English

Cheap annual entry ticket instead of an expensive daily ticket

Elvir Klica

Seems like citizens of Montenegro will not be exempted from paying entry tickets to national parks, as requested by the Liberal party. However, the preparation of the decision on the amendments to the fees is under way. As representatives of National parks said, this decision will enable residents and foreign citizens to buy annual entry ticket to all parks under very favorable conditions.

Now the price of the entry ticket amounts: €1 – NP Prokletije, €2 for the NP Lovćen, €3 for NP Durmitor and NP Biogradska gora whereas the entry ticket to the NP Skadar lake costs €4.

Member of Liberal party, Mr Andrija Popović, asked the Government to abolish the entry tickets charge for Montenegrin citizens.

Directors of NP, Mr Elvir Klica, said for Pobjeda that the amendments to the decision on fees were in the preparation phase. He reminded that price of entry tickets had been the same for ten years. He added that, according to the EU directives, it is not allowed to make any differences between domestic and international visitors, when it comes to the price of entry tickets.

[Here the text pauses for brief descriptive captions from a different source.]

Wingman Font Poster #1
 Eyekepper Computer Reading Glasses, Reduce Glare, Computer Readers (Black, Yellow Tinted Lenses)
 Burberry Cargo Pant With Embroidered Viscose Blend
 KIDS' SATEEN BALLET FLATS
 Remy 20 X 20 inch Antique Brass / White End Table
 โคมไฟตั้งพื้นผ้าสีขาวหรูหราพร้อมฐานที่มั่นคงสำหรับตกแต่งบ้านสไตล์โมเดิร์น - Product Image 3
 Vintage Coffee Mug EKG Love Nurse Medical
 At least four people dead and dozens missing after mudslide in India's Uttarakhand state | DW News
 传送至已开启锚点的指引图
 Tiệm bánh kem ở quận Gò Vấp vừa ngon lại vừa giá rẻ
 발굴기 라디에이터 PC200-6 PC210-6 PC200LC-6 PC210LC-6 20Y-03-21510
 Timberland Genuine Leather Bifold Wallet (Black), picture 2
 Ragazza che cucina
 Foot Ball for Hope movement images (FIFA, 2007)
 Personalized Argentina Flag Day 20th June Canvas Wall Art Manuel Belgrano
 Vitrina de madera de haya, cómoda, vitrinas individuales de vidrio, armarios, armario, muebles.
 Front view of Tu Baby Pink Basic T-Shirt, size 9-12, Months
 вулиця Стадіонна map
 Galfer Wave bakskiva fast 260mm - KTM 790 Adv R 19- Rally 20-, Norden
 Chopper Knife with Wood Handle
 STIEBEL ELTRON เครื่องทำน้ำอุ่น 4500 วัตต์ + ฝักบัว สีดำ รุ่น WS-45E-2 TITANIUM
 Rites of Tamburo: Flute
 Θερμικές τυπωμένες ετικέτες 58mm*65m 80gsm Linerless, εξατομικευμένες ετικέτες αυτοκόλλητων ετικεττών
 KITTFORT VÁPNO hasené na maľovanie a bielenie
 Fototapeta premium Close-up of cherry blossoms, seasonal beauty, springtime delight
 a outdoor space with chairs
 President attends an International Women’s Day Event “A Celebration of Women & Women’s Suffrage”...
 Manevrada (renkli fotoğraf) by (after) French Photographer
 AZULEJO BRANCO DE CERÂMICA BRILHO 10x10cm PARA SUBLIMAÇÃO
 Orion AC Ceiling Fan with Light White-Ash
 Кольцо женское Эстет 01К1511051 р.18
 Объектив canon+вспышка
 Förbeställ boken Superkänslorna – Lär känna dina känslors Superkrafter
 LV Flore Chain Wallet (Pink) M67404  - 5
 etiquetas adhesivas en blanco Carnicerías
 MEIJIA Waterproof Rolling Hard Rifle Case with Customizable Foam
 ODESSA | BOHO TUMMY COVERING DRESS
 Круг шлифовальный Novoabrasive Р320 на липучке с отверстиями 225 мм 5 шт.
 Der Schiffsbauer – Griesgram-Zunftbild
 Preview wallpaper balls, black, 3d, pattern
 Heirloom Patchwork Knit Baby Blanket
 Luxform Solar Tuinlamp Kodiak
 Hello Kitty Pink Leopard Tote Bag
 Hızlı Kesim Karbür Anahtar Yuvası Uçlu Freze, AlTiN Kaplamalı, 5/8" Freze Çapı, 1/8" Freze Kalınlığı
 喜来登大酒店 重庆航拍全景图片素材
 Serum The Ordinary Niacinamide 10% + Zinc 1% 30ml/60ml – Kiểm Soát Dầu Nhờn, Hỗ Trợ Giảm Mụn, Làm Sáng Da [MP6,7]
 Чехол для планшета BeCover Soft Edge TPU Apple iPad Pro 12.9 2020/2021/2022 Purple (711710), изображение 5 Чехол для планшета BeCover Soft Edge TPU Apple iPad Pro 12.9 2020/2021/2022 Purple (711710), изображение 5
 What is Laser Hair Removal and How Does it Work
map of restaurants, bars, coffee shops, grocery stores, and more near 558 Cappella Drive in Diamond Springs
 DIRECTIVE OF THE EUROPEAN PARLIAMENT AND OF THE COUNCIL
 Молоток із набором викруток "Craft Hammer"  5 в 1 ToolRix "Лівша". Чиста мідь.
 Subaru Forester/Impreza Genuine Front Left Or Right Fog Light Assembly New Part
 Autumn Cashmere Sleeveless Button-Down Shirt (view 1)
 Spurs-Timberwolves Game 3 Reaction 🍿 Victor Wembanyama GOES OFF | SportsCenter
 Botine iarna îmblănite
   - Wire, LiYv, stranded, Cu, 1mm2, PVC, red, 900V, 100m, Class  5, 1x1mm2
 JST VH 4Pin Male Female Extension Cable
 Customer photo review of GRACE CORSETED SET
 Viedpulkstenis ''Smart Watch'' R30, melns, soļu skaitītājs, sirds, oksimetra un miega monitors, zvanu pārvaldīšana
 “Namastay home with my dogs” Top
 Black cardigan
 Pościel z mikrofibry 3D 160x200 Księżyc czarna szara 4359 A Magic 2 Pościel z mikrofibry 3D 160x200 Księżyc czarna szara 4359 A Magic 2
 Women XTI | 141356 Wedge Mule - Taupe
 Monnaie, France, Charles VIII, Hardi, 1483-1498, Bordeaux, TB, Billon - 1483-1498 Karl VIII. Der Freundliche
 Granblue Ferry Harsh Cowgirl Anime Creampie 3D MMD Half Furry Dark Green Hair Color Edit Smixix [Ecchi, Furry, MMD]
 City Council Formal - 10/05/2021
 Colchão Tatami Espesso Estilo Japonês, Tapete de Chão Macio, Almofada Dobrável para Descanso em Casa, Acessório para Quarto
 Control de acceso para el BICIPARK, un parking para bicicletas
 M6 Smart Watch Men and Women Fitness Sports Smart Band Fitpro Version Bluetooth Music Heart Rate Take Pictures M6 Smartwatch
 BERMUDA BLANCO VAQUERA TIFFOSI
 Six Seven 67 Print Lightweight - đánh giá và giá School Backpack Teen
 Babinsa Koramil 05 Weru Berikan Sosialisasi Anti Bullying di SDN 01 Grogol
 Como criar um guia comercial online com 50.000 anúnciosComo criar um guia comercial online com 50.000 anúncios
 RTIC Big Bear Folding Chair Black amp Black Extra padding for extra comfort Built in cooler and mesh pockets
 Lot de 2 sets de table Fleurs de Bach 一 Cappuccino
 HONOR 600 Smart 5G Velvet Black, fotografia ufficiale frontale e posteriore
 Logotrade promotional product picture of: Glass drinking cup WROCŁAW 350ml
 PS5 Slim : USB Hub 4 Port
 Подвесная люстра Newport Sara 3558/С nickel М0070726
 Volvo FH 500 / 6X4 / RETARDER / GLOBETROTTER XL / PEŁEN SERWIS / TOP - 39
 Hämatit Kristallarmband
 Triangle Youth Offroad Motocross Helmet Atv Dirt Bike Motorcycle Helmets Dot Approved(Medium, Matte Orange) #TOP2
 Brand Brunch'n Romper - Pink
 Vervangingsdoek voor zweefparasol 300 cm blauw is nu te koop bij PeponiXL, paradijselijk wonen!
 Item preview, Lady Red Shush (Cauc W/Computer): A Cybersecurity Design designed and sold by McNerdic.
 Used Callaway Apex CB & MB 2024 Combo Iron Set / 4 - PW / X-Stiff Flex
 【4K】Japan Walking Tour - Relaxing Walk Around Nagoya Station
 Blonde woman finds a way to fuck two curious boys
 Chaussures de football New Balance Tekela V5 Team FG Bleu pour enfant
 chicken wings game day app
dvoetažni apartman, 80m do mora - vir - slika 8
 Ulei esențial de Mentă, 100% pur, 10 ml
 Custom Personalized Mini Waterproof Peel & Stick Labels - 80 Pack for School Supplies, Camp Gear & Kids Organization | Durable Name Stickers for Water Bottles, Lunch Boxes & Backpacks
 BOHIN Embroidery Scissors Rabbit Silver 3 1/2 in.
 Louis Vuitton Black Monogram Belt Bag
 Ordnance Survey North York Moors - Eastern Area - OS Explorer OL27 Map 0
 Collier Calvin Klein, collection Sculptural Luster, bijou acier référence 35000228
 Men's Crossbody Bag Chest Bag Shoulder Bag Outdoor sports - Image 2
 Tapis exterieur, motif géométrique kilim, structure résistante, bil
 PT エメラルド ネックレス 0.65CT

According to the law, all visitors, except fort hose who live in the area of the national park, or own some real estate within that area, are obliged to pay the entry.

Amount of fees for entering national parks was defined by decision approved by the Ministry of Sustainable Development and Tourism.

Mr Klica explains that charging entry tickets represents one of the most important financial mechanisms in the majority of protected spaces in the world. The funds collected this way are used for sustainable development projects, programs of the protection of flora and fauna and improvement of the overall ecosystem at our national parks.

Project manager of the association „Park Dinarides – network of protected areas“, Ms Jelena Marojević Galić, thinks that abolition of entry tickets referring to domestic citizens is possible only if the country assists National parks in the financial sense. In the financing protected areas theory, there are three systems.

“The first system is when the country covers all the costs of the protection and development in which case there is no an entry ticket to the protected area. Second, when protected areas are financed by the resources they use, mostly through the exploitation of forest ecosystems, economic hunting of huge mammals or use of mineral raw materials. In the countries where national parks are financed this way, entry tickets do not exist or they are very affordable“, explains Ms Marojević-Galić.

The third system entails developed tourist infrastructure and services and protection of parks is mostly financed by entry tickets.

Last year national parks in Montenegro earned a total of €1.366.334 from charging entry tickets.